Work task –
Please transcribe the data that follows exactly as given, leaving out every picture.

Material provided –
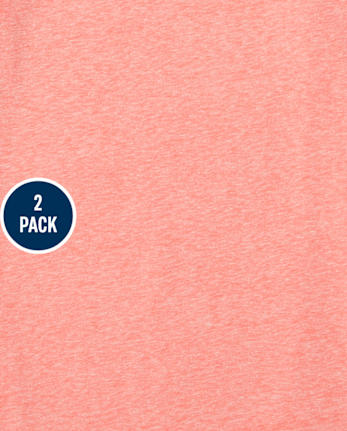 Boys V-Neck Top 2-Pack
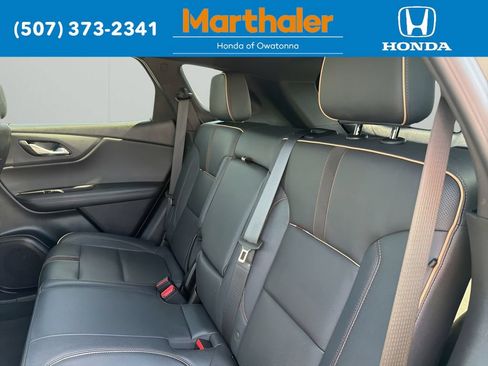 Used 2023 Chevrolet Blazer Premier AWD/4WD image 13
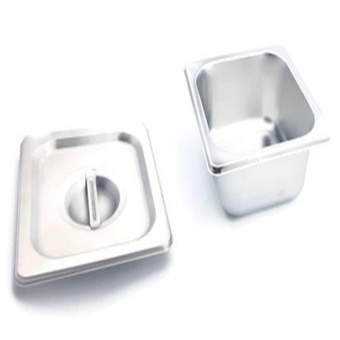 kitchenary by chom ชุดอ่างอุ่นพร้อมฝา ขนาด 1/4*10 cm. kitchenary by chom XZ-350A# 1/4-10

Answer space –
 Boys V-Neck Top 2-Pack
 Used 2023 Chevrolet Blazer Premier AWD/4WD image 13
 kitchenary by chom ชุดอ่างอุ่นพร้อมฝา ขนาด 1/4*10 cm. kitchenary by chom XZ-350A# 1/4-10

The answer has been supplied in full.